Beginning with the line that holds "Image du vendeur", write out each line exactly as it stands until the end of the data, and include no pictures.
** Records for the exercise follows **
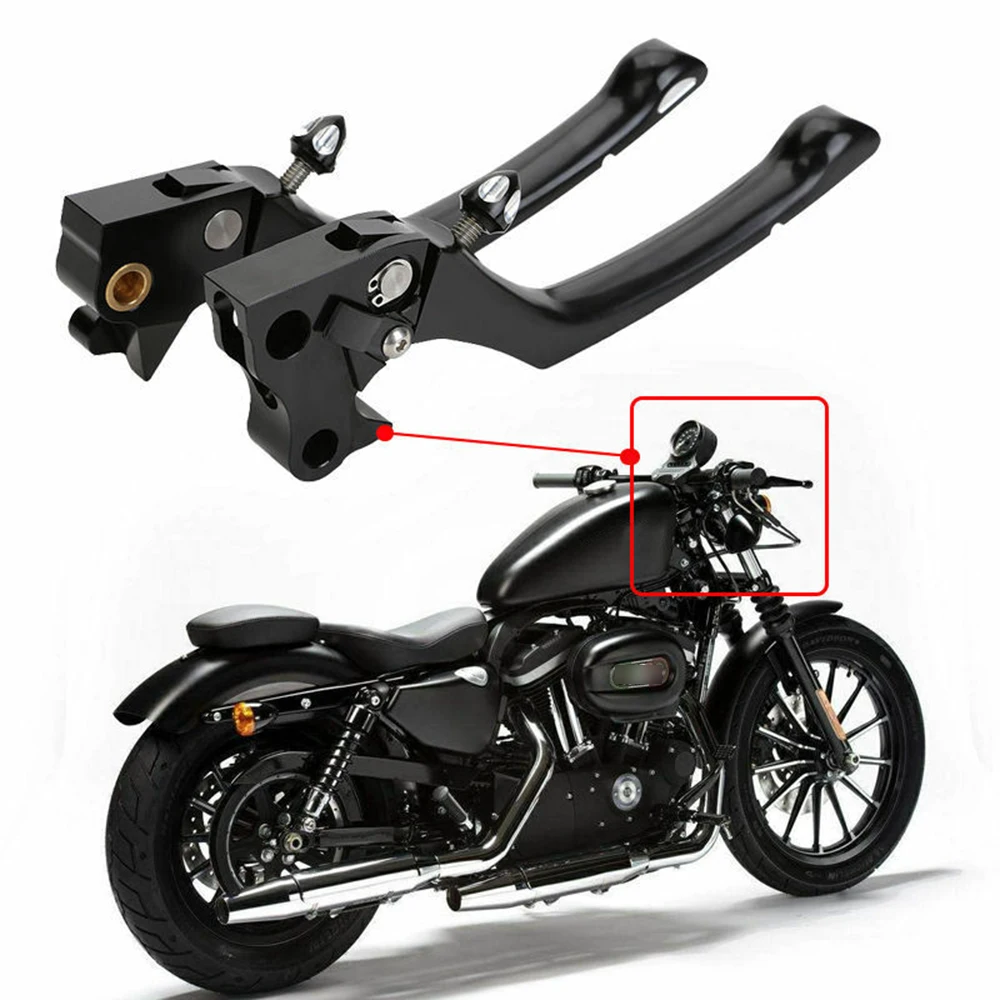 1 пара рулей мотоцикла CNC регулятор тормозной рычаг сцепления для Sportster XL 883 1200 для автозапчастей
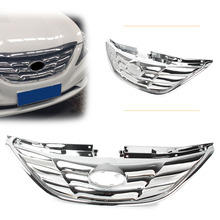 Car Front Grille Horizontal Upper Grill For Hyundai Sonata 2011 2012 2013 Chrome ABS Plastic 2024 - buy cheap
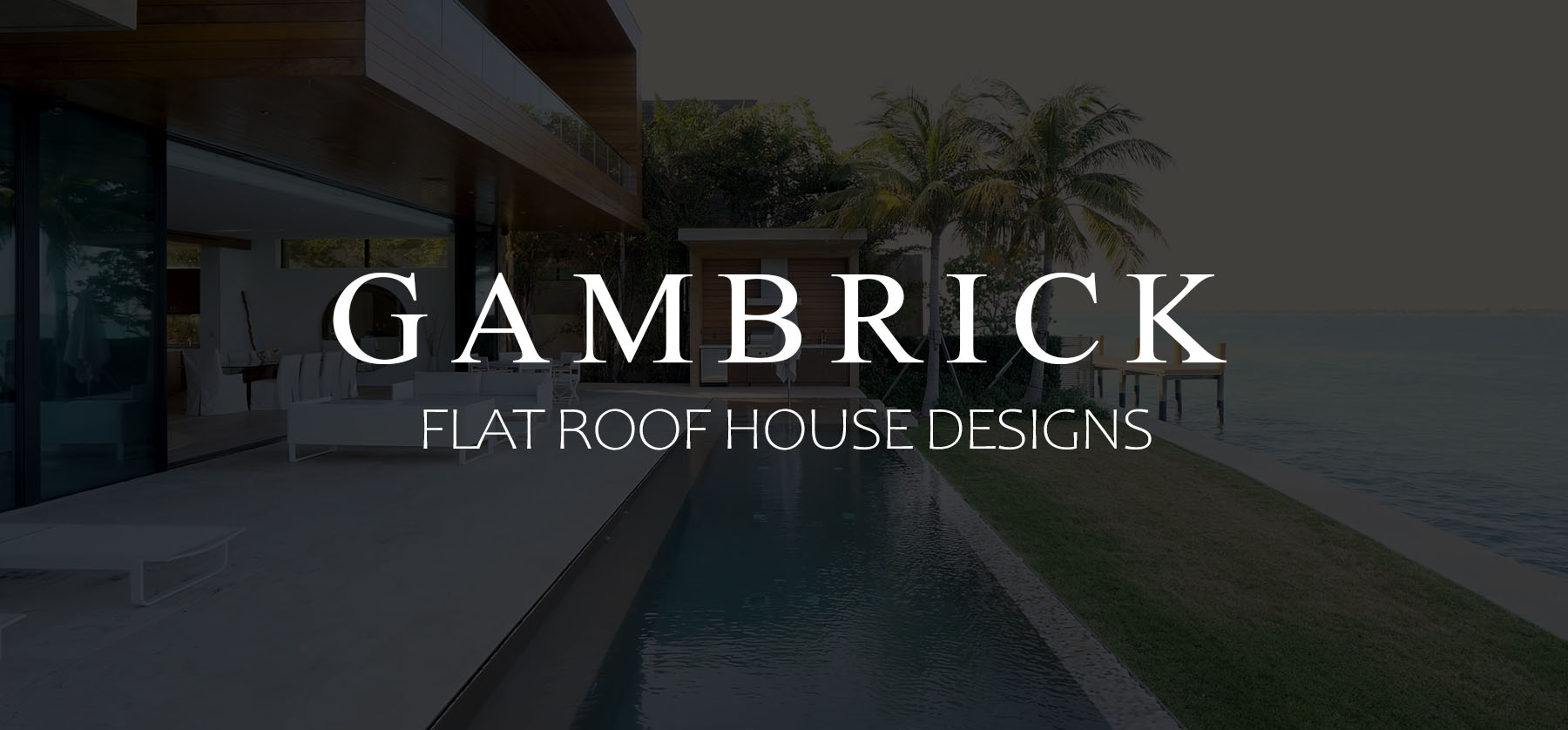 Flat roof house designs banner picture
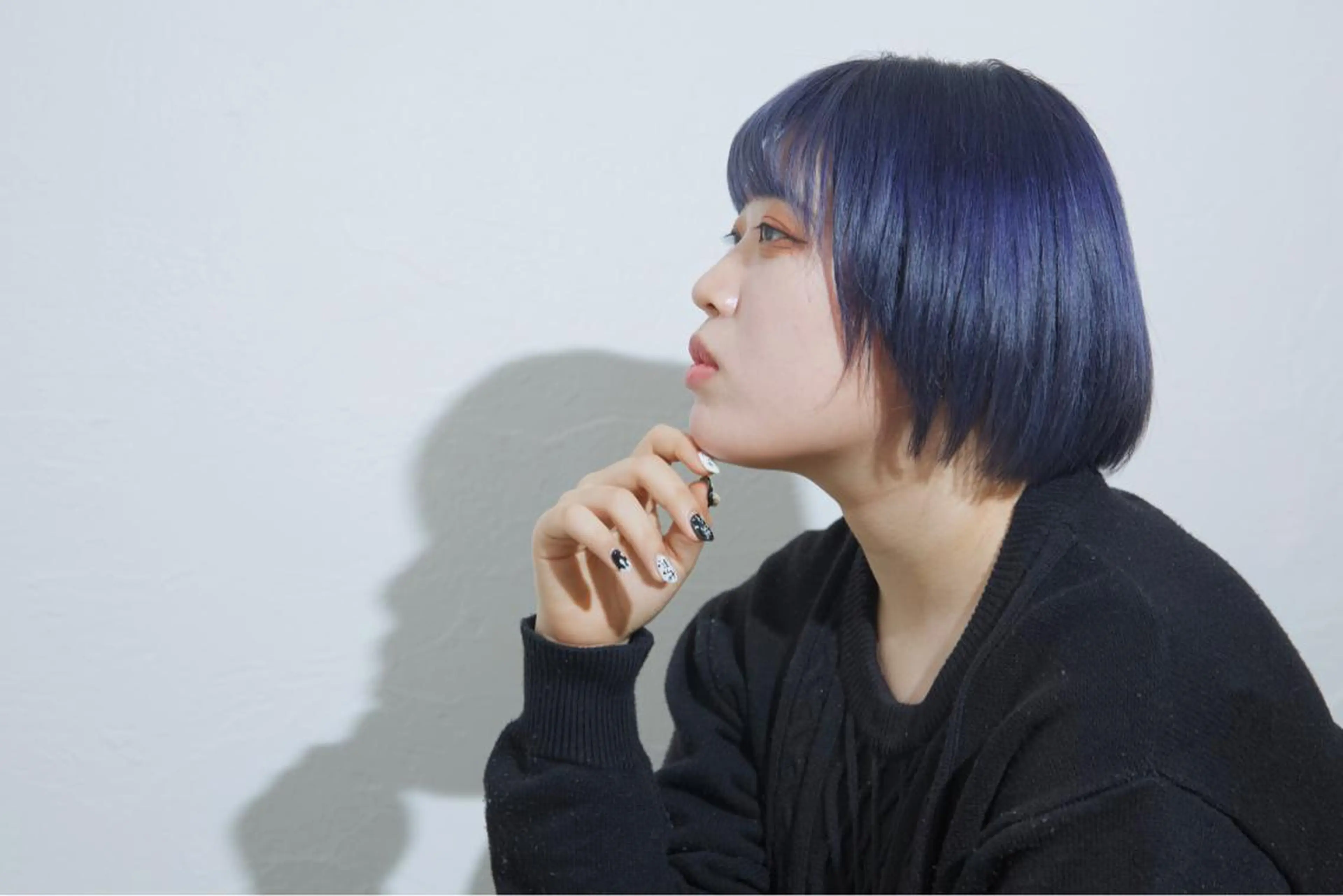 ショート カラー ブルーカラー ⭐中崎 さゆり⭐のヘアスタイル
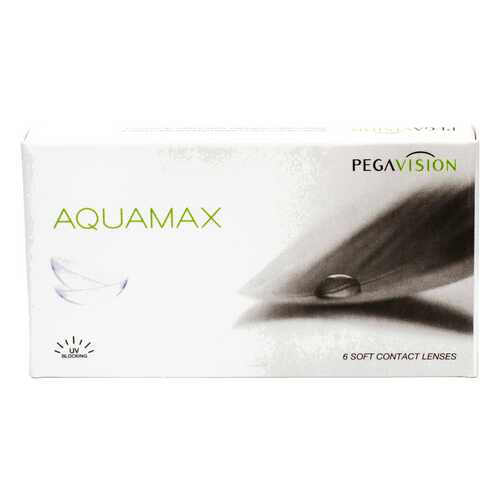 Контактные линзы AQUAMAX 6 линз R 8,6 -7,50 в Аптека Классика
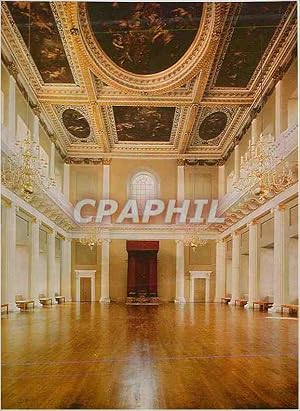 Image du vendeur pour Carte Postale Moderne Banqueting House Whitehall Interior Looking South Showing the Painted Ceiling by Rubens mis en vente par CPAPHIL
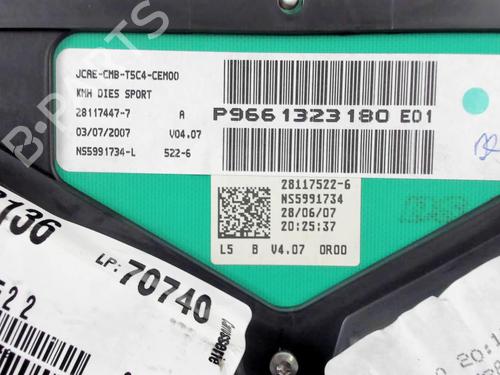 Instrument cluster PEUGEOT 307 (3A/C) 2.0 HDi 135 | BP20402121C47 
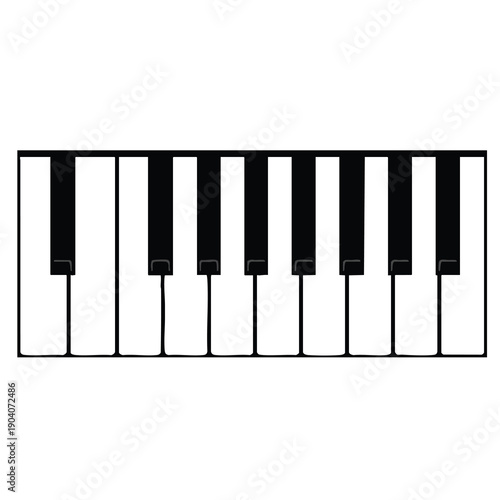 Piano Keys Illustration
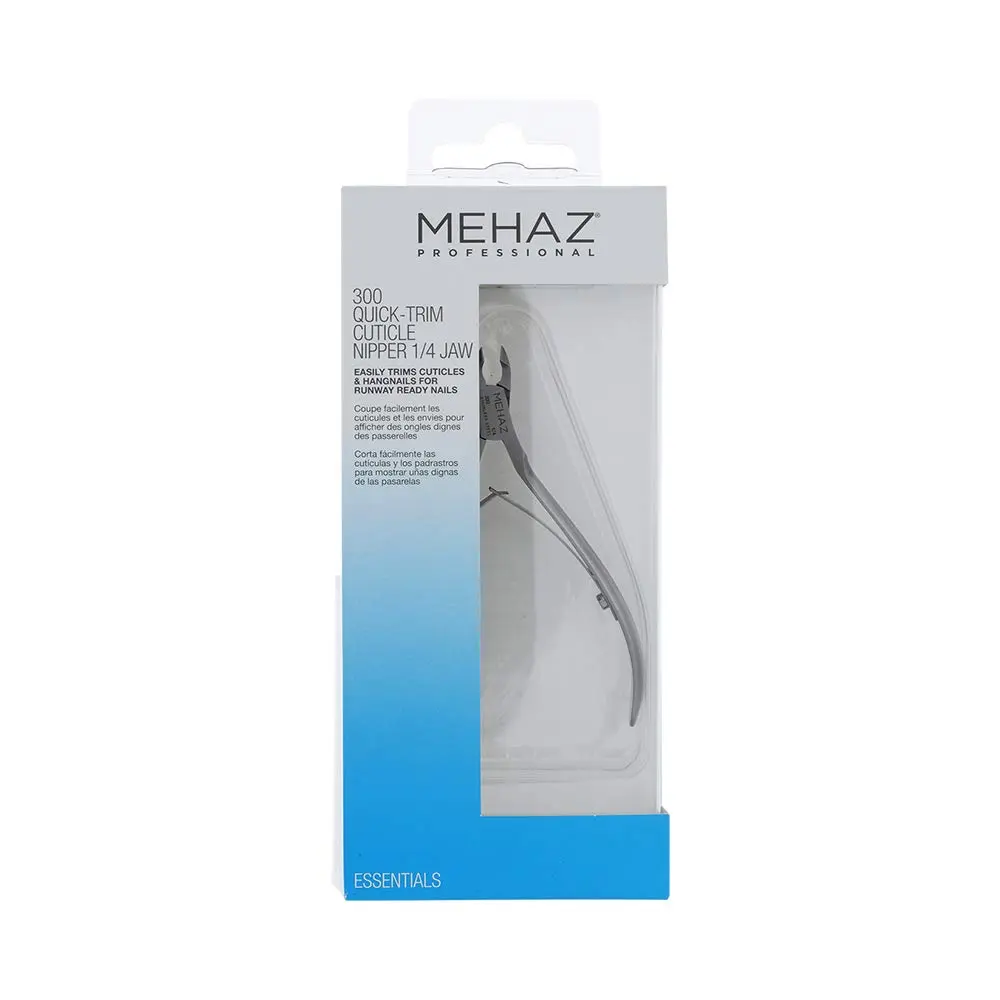 Mehaz Quick Trim Cuticle Nipper, 1/4" Jaw, Stainless Steel with Double Spring Lap Joint | Precise Nail & Hangnail Trimming - view 2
** End of Records for the exercise **
- **Written response**:
 Image du vendeur pour Carte Postale Moderne Banqueting House Whitehall Interior Looking South Showing the Painted Ceiling by Rubens mis en vente par CPAPHIL
 Instrument cluster PEUGEOT 307 (3A/C) 2.0 HDi 135 | BP20402121C47 
 Piano Keys Illustration
 Mehaz Quick Trim Cuticle Nipper, 1/4" Jaw, Stainless Steel with Double Spring Lap Joint | Precise Nail & Hangnail Trimming - view 2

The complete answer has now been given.